Bob Ferrier

Personal information
- Full name: Robert Ferrier
- Date of birth: 14 August 1872
- Place of birth: Dumbarton, Scotland
- Date of death: 11 December 1947 (aged 75)
- Place of death: Dumbarton, Scotland
- Position(s): Inside forward

Senior career*
- Years: Team / Apps / (Gls)
- 1891–1894: Dumbarton / 20 / (6)
- 1894–1906: Sheffield Wednesday / 308 / (16)
- Total:  / 328 / (22)

= Bob Ferrier (Scottish footballer) =

Scottish footballer

Robert Ferrier (14 August 1872 – 11 December 1947) was a Scottish professional footballer.

==Career==
Ferrier played for Dumbarton and Sheffield Wednesday, as an inside forward.
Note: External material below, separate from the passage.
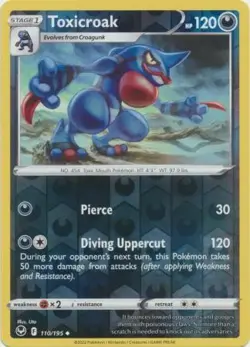 Toxicroak 110/195 Reverse Holo | Silver Tempest | Pokemon Card - Image 1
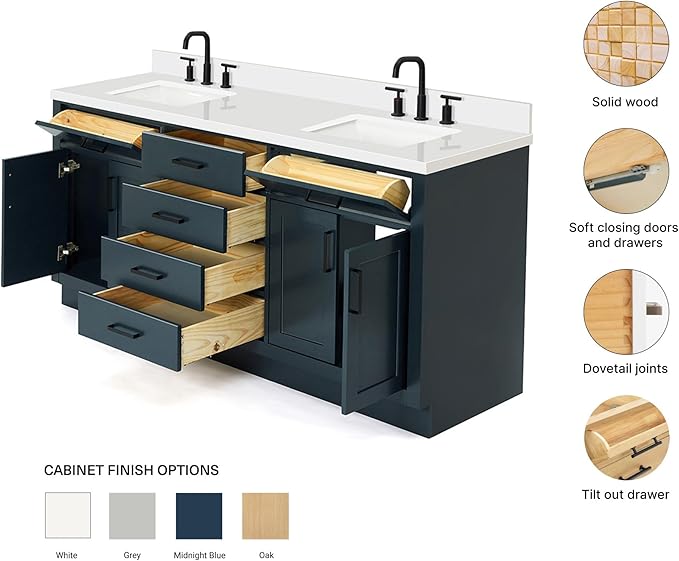 ARIEL Hepburn 72-inch Bathroom Vanity with Sink,Solid Wood, 1.5-inch Pure White Quartz Countertop, Double Rectangular Porcelain Sink, 4 Soft Closing Doors, 6 Dovetail Drawers, Midnight Blue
In a 12-year spell with Wednesday, he was involved in the club's relegation from the Football League First Division in 1899, promotion as winners of the Second Division in 1900, followed by First Division championships in 1903 and 1904 (he was not involved in their two FA Cup final wins of that era). The closest he got to international recognition was an appearance in the annual Home Scots v Anglo-Scots trial match in 1901.

==Personal life==
His son, likewise named Robert and known as Bob, was also a footballer. The younger Ferrier achieved success playing for Motherwell, but was never selected for Scotland having been born in Sheffield while his father was playing in the city. His brother-in-law Willie Speedie (brother of Scottish international Finlay Speedie) and nephew Bob Speedie played for Dumbarton.

==Honours==
- Dumbarton
- Dumbartonshire Cup: Winners 1892–93, 1893–94.